The pricing in China now is set by some supply demand, but more than anything, that the marginal cost of the high cost producers. And that's the ethanol, and the ethylene guys, principally the ethanol guys.
And so based on the reports we see out there, we believe the pricing for these high cost guys are going to trend down. Ethanol prices are going to trend down, and so through the year we have our prices trending down associated with that.
And I would also say that into your pricing, we have it somewhere $550 and $600 a ton.
William Matthew - Canyon Capital
Okay so $550 to $600, I guess it's just hard for me to reconcile, a trending down in prices, but your operating rates are remaining the same.
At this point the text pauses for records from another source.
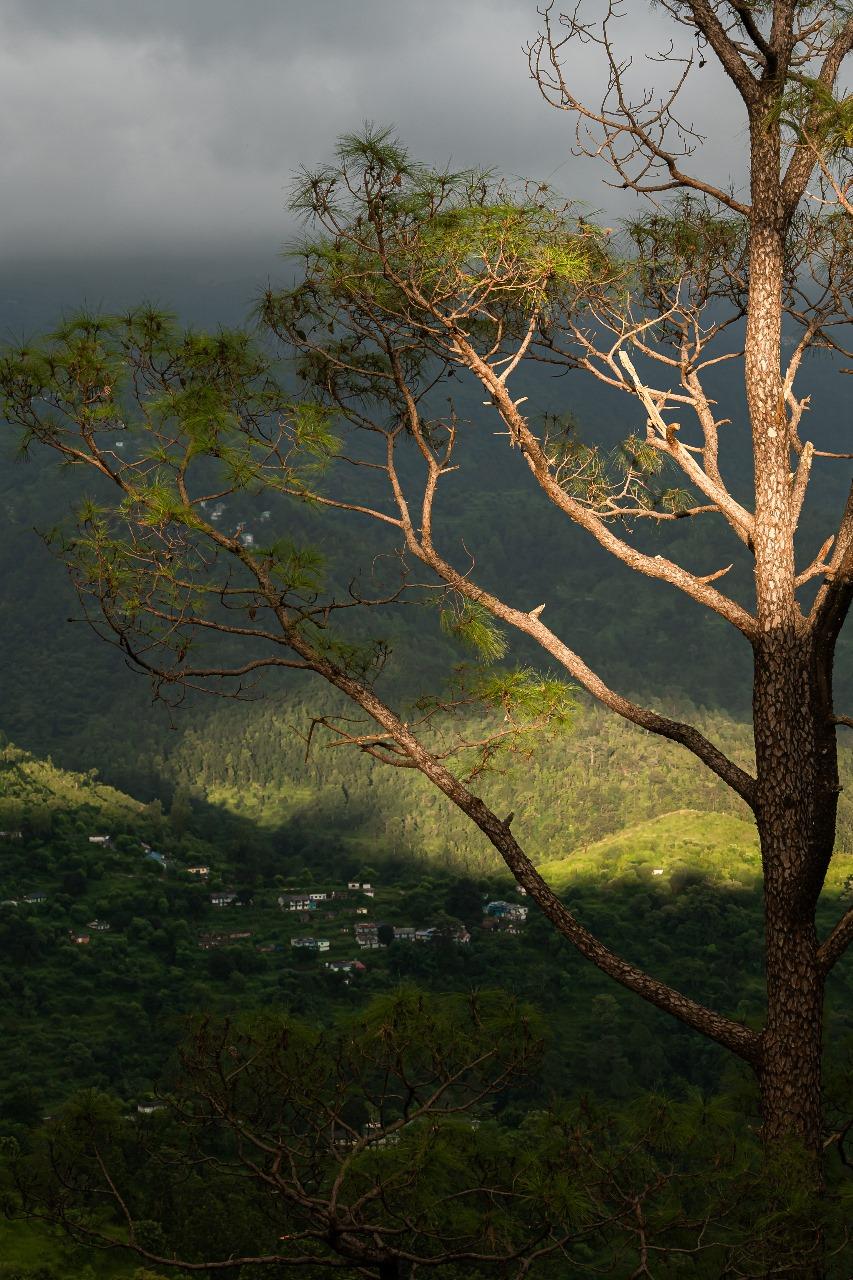 Glamp Echo Corbett, Geodesic Dome-Canopy x Solis Nature
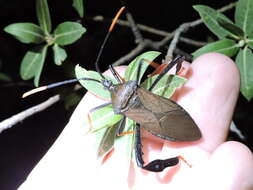 Image de Acanthocephala thomasi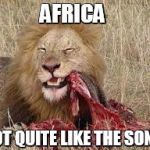 Africa - Song | AFRICA; NOT QUITE LIKE THE SONG | image tagged in lion,toto,prey,africa | made w/ Imgflip meme maker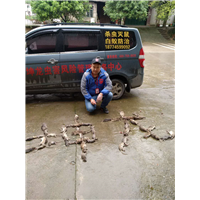 永州灭鼠、永州灭蟑螂 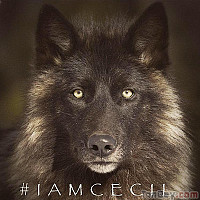 petitloup63 - gay de 62 ans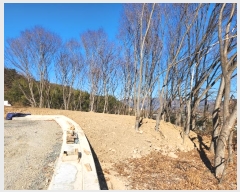  2024Ÿ��45672 �뱸 �޼��� ��â�� ���и� 477      ����(��1)���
So, if you are saying that your operating rates remain tight for 2010, I just...
conceptually it's hard for me to understand why prices would trend down and that means that your forward guidance is too conservative?
Steven Sterin - Senior Vice President and Chief Financial Officer
Are you accusing me of being cautious?
David N. Weidman - Chairman and Chief Executive Officer
Bill, here's the logic in it. As you know in the acetyl acetic acid in particular, there is a very, very steep cost curve, and the pricing is established by the marginal cost of the high cost producers.
In many cases, we judge that the market is either like that today, or moving into that situation over the next few weeks. And the marginal cost of the high cost producers according to published reports are going to be trending down into the second half of the year and so those prices trend down, they are ones who set the marginal price and we think that prices will trend down as well.
William Matthew - Canyon Capital
Okay and then the amount of affiliate earnings that are not captured in net income or the unconsolidated EBITDA, what is that for '07?
Steven Sterin - Senior Vice President and Chief Financial Officer
For '07, it was $93 million for the full year.
William Matthew - Canyon Capital
93.
Steven Sterin - Senior Vice President and Chief Financial Officer
If you want some detail, and if you look at our earnings release on table 8, you can see by quarter and by year at the bottom of the table, it was $93 million and there's only about $100 million of net debt associated with these affiliates on a proportional basis.
William Matthew - Canyon Capital
Okay. And so if we wanted to get a rough estimate for the evaluation of that using some kind of current EBITDA multiple say six times that number of times, an EBITDA multiple is kind of what's not captured in your share price?
Steven Sterin - Senior Vice President and Chief Financial Officer
Mathematically, you are correct but I think you would look at higher multiple, because most of the earnings in these businesses are in Ticona, which have higher growth rate. So we would expect to see a multiple on 8, branch for these new businesses.
William Matthew - Canyon Capital
Got it great, okay.
Mark Oberle - Vice President of Investor Relations and Public Affairs
Thanks Bill. Thank you everyone.
Operator
Thank you for your participation in today's conference. This concludes the presentation.
You may now disconnect, have a wonderful day.